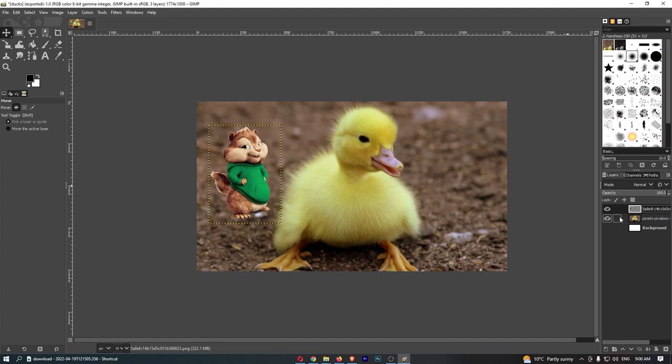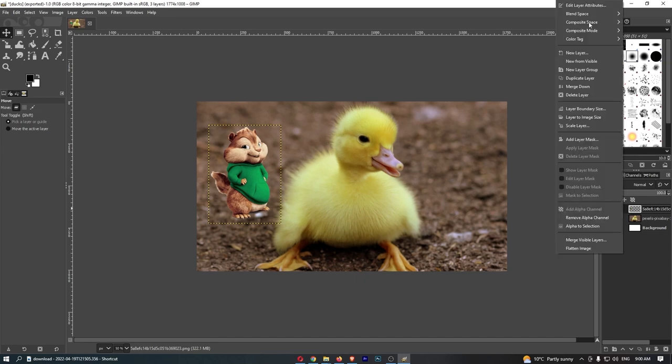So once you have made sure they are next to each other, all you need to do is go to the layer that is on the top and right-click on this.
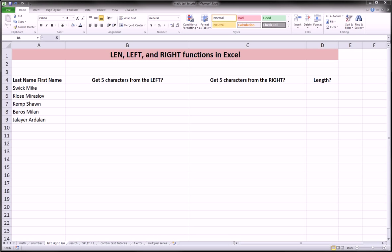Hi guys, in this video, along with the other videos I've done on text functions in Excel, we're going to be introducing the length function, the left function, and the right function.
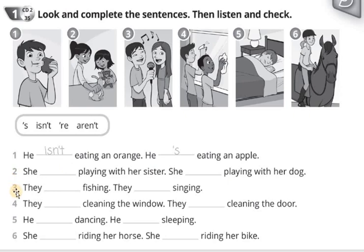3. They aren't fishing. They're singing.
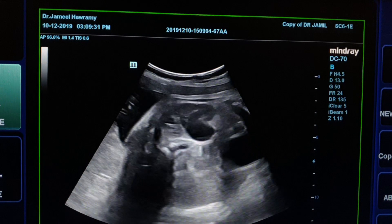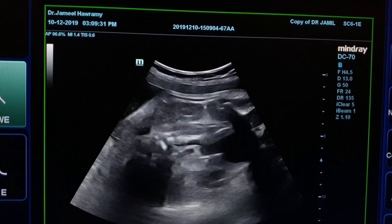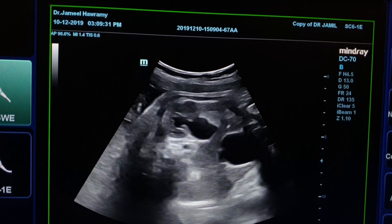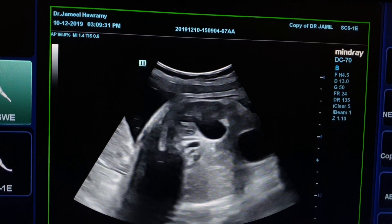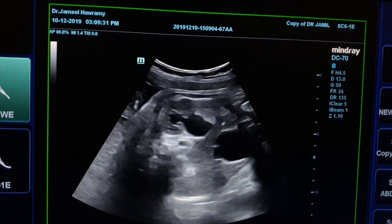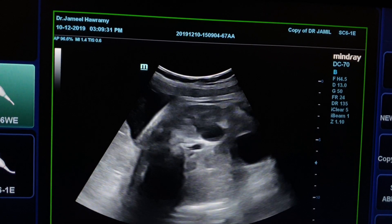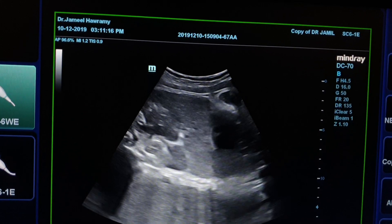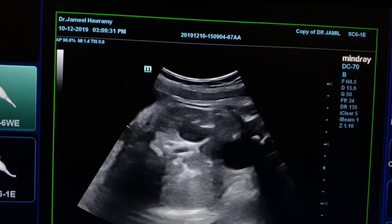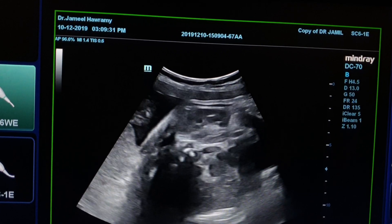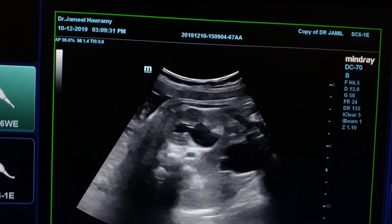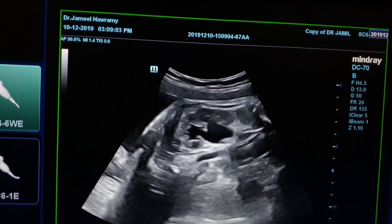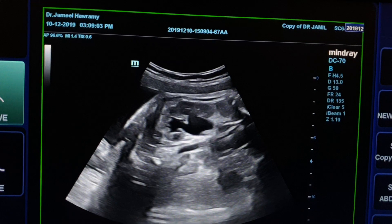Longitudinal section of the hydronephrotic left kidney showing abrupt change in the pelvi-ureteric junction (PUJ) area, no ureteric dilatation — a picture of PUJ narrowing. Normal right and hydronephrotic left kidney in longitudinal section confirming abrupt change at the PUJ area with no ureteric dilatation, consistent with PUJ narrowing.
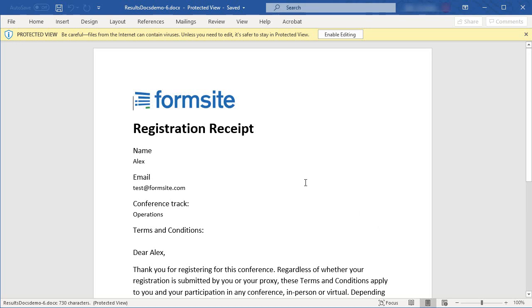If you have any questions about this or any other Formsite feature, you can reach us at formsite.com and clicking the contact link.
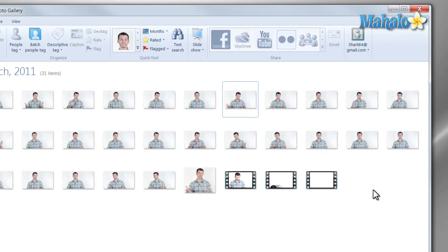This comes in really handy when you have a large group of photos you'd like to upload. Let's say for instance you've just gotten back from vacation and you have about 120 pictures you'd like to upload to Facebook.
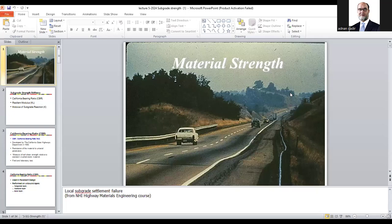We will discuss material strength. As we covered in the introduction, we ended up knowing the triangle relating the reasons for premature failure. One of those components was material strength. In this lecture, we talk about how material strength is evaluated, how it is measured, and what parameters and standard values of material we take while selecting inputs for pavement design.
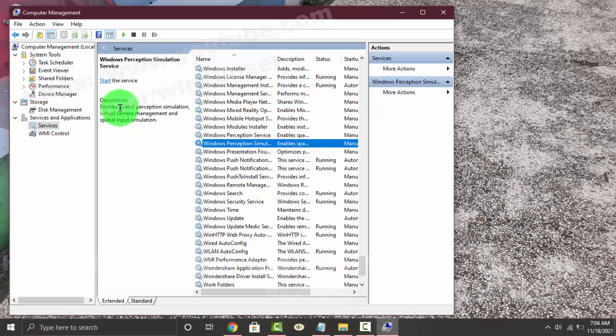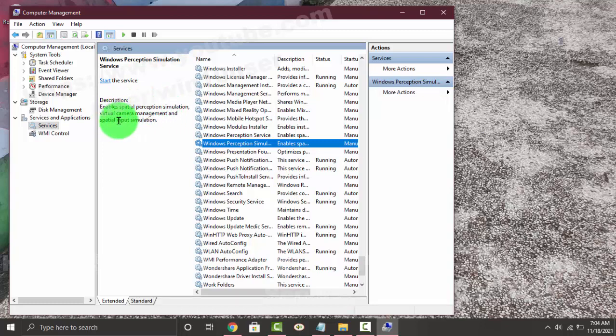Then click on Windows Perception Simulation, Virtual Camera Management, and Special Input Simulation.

==

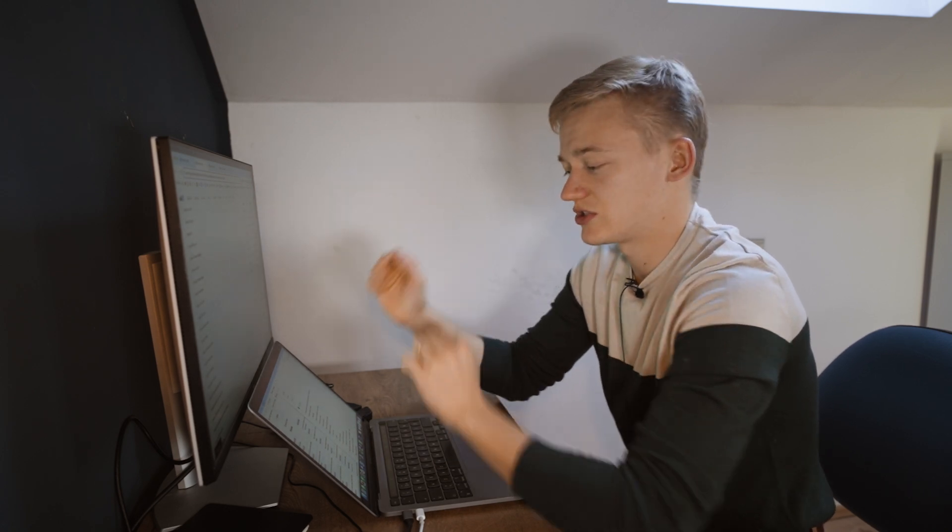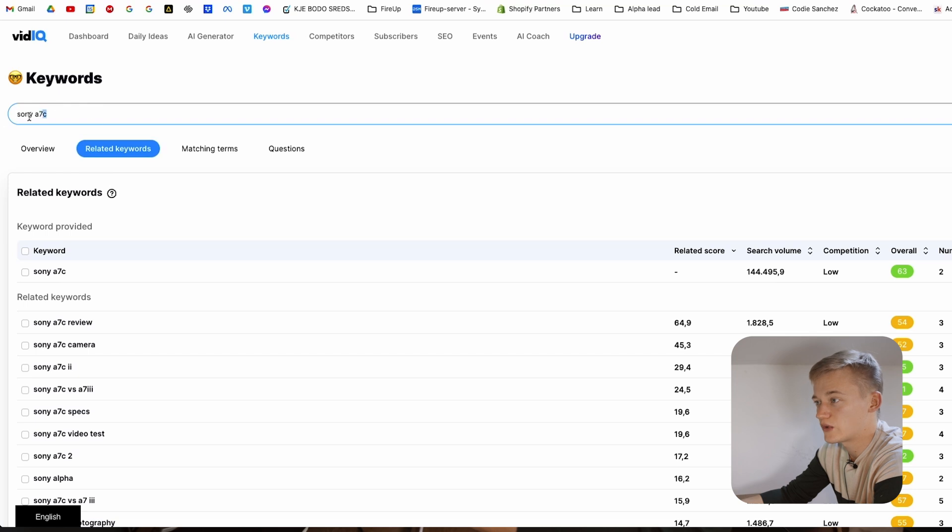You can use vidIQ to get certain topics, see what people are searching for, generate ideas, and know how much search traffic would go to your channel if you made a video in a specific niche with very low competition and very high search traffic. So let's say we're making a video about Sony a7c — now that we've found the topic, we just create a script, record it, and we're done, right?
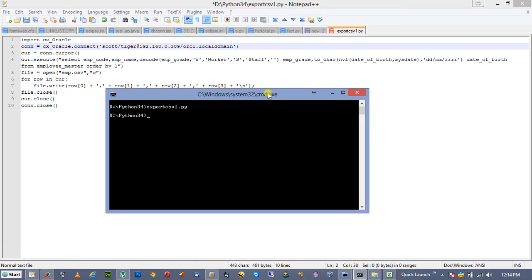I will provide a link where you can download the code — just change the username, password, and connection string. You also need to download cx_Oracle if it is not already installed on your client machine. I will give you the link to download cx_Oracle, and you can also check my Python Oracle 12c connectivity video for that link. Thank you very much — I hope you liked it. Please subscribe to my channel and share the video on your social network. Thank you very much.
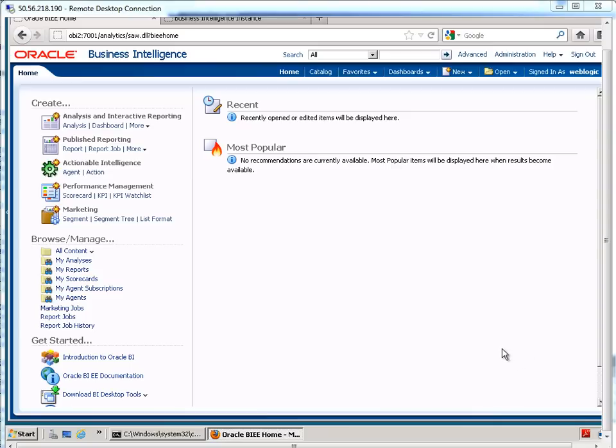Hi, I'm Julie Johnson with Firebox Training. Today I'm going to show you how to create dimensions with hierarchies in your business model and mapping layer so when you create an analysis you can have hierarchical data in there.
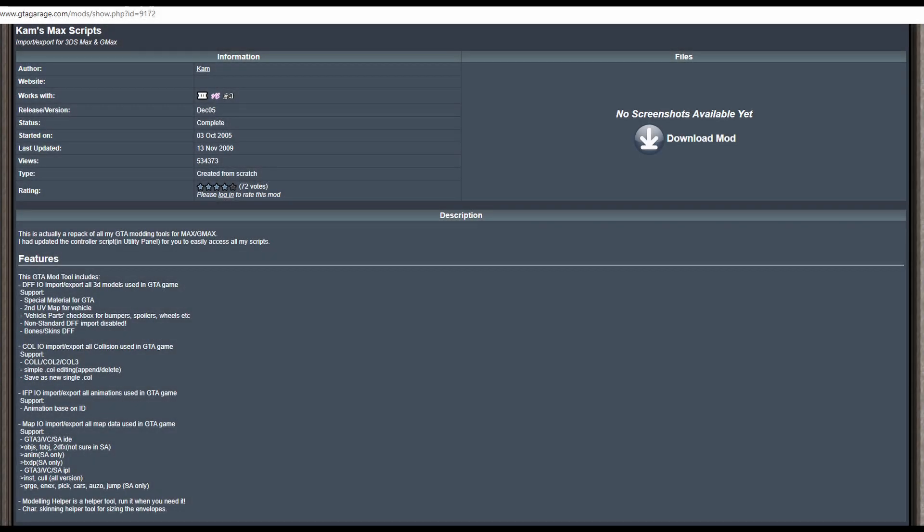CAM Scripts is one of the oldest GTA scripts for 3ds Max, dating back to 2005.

...

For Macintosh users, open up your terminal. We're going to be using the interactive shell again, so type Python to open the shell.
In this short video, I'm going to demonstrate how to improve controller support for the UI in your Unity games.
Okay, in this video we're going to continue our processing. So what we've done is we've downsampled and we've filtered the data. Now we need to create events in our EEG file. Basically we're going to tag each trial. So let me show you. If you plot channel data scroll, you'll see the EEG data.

Exercise: All that belongs in your answer is the stretch of entries above from the line with "In this short" through the line with "Okay, in this", printed exactly.

Answer space:
In this short video, I'm going to demonstrate how to improve controller support for the UI in your Unity games.
Okay, in this video we're going to continue our processing. So what we've done is we've downsampled and we've filtered the data. Now we need to create events in our EEG file. Basically we're going to tag each trial. So let me show you. If you plot channel data scroll, you'll see the EEG data.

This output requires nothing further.